Task requirements
Without the images, output every record exactly as it appears.

Stored items
<<<<
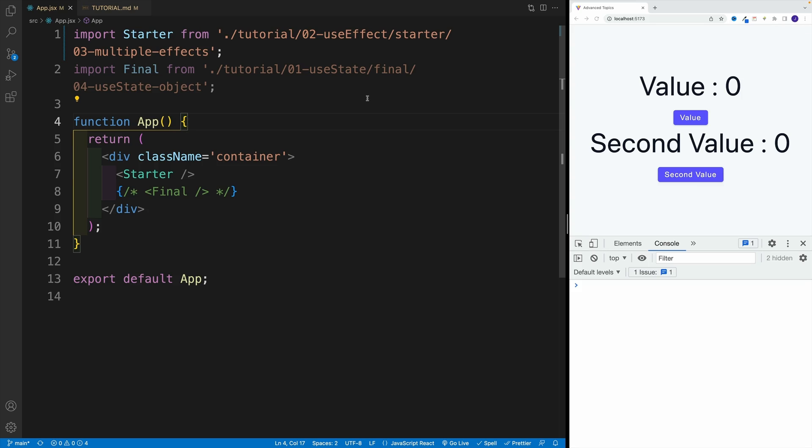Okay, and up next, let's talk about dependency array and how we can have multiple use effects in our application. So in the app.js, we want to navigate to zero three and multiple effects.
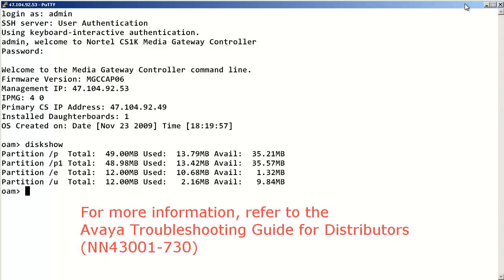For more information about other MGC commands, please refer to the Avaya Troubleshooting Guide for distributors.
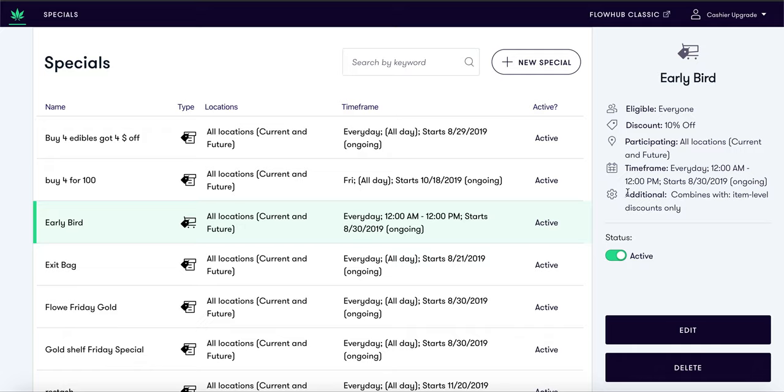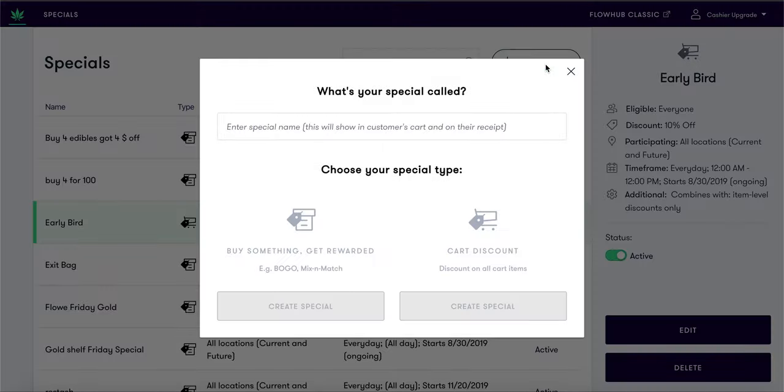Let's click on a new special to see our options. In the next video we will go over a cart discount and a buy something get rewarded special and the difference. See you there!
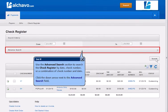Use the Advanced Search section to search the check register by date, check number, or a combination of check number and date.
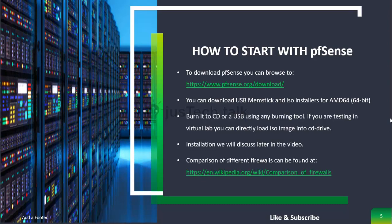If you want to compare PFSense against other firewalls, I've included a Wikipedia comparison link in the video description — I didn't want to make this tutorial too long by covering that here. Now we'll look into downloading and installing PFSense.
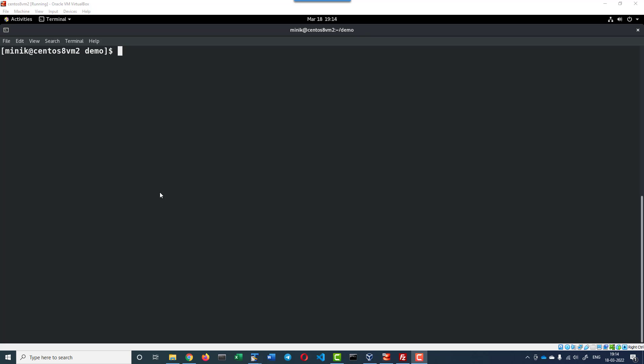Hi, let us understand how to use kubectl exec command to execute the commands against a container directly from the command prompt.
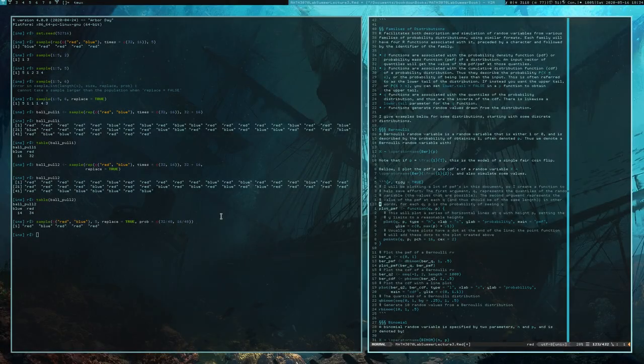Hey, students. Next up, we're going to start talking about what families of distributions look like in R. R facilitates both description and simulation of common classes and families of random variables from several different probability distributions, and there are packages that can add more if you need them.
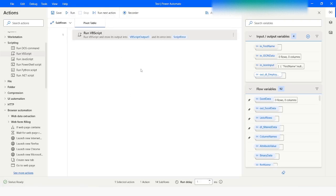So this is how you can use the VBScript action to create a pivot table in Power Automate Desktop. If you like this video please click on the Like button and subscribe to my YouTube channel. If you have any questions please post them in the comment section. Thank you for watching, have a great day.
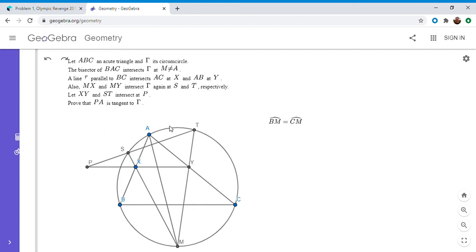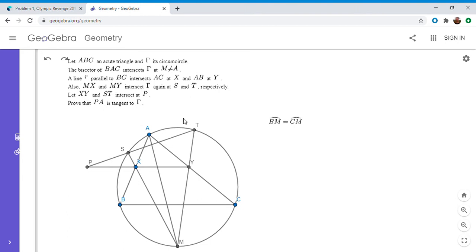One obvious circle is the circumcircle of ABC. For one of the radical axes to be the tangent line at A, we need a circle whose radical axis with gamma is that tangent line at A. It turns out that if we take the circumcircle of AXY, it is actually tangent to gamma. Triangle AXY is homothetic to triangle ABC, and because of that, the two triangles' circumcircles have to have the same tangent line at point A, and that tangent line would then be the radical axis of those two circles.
>>>>
Result of the task
Okay, and up next, let's talk about dependency array and how we can have multiple use effects in our application. So in the app.js, we want to navigate to zero three and multiple effects.
For more information about other MGC commands, please refer to the Avaya Troubleshooting Guide for distributors.
Let's click on a new special to see our options. In the next video we will go over a cart discount and a buy something get rewarded special and the difference. See you there!
Use the Advanced Search section to search the check register by date, check number, or a combination of check number and date.
If you want to compare PFSense against other firewalls, I've included a Wikipedia comparison link in the video description — I didn't want to make this tutorial too long by covering that here. Now we'll look into downloading and installing PFSense.
Hi, let us understand how to use kubectl exec command to execute the commands against a container directly from the command prompt.
Hey, students. Next up, we're going to start talking about what families of distributions look like in R. R facilitates both description and simulation of common classes and families of random variables from several different probability distributions, and there are packages that can add more if you need them.
So this is how you can use the VBScript action to create a pivot table in Power Automate Desktop. If you like this video please click on the Like button and subscribe to my YouTube channel. If you have any questions please post them in the comment section. Thank you for watching, have a great day.
One obvious circle is the circumcircle of ABC. For one of the radical axes to be the tangent line at A, we need a circle whose radical axis with gamma is that tangent line at A. It turns out that if we take the circumcircle of AXY, it is actually tangent to gamma. Triangle AXY is homothetic to triangle ABC, and because of that, the two triangles' circumcircles have to have the same tangent line at point A, and that tangent line would then be the radical axis of those two circles.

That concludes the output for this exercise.